━━━━━ Data supplied ━━━━━
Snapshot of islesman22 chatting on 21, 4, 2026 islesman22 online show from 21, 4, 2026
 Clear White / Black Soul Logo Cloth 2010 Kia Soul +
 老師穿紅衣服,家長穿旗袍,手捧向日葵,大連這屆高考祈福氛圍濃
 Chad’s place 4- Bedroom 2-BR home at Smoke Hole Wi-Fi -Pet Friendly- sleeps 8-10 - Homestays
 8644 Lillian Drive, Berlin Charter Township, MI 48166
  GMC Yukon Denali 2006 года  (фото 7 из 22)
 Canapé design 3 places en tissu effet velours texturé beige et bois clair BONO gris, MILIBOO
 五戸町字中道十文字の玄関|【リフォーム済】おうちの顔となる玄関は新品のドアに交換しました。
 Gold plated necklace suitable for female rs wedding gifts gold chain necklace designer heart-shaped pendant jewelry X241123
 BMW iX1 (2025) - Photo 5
━━━━━
Aim of the task: Word for word, set down the lines from the beginning of the records through the line that holds "Canapé design 3". Leave out the rest.

Expected answer:
Snapshot of islesman22 chatting on 21, 4, 2026 islesman22 online show from 21, 4, 2026
 Clear White / Black Soul Logo Cloth 2010 Kia Soul +
 老師穿紅衣服,家長穿旗袍,手捧向日葵,大連這屆高考祈福氛圍濃
 Chad’s place 4- Bedroom 2-BR home at Smoke Hole Wi-Fi -Pet Friendly- sleeps 8-10 - Homestays
 8644 Lillian Drive, Berlin Charter Township, MI 48166
  GMC Yukon Denali 2006 года  (фото 7 из 22)
 Canapé design 3 places en tissu effet velours texturé beige et bois clair BONO gris, MILIBOO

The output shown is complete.